王维山水诗中传达的空灵、渺远而又独具情致的意境,及其外在超逸的气韵和情志上的“仕隐两得”,在中国古代文人中具有代表性。王维山水诗旷达超逸的一面,充分表明自然山水对传统文人情志的节制与调平作用。
山水诗的空灵与质朴
在王维充满诗情画意的山水诗中,“空灵”和静谧之感尤为突出。名篇《山居秋暝》描写秋日雨后山间即景,前两句尤以扑面而来的清新和宁静之气为人称道:“空山新雨后,天气晚来秋。明月松间照,清泉石上流。”全诗以“空”字起笔,为触目所及的自然景致奠定基调。“照”和“流”看似打破先前的寂静,却衬得雨后的山林越发灵动,一种别样的空灵意境随之而生。《鹿柴》同样落笔“空山”:“空山不见人,但闻人语响。返景入深林,复照青苔上。”首句以“空”描绘山之人迹罕至和静空,随后又以“人语”打破“空”境。空谷传音愈显山之幽静,山中回荡的人声亦与山水交融一体,俨然山水的自然酬答。随后密林中乍现的光束,以自然莫测的变幻凸显灵动,强化了全诗营造的空灵之境。

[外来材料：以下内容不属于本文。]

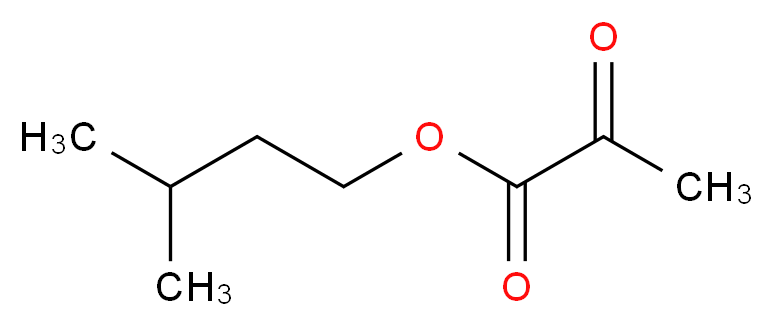 3-methylbutyl 2-oxopropanoate_分子结构_CAS_7779-72-8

王维笔下的“空山”“新雨”“明月”“清泉”,斜晖返照皆寻常景象,他却能以笔触直抵人心,成就千古绝唱,盖因其对山水“自然”特质的敏锐与易感,抓住了其“质朴”本质。他对自然山水天然善感,不论秋日薄暮入夜之际的微妙转换,还是“返景”“复照”青苔的刹那间的气象变化,皆通过捕捉自然转瞬即逝的时移物易,描绘乾坤的妙趣灵动与空明清远。
自然山水不因时因地而易的“质朴”特性,才是触动人心的根本。王维山水诗的独到之处,恰恰就在对自然“是其所是”的充分尊重。诗人藏起“自我”,物我融为一体。
闲适中的超逸
刘勰云:“是以四序纷回,而入兴贵闲。”(《文心雕龙·物色》)王维的“虚静”和闲适感,主要体现在对自我的虚化处理和对“无我之境”的营造。以《鸟鸣涧》为例,“人闲桂花落,夜静春山空。月出惊山鸟,时鸣春涧中”。全诗以“闲”立意,诗人没有直白出现,而是化作超身物外的“我”。王维山水诗中的“虚静”不仅在于物我关系的调达,更透露出诗人的超逸品格。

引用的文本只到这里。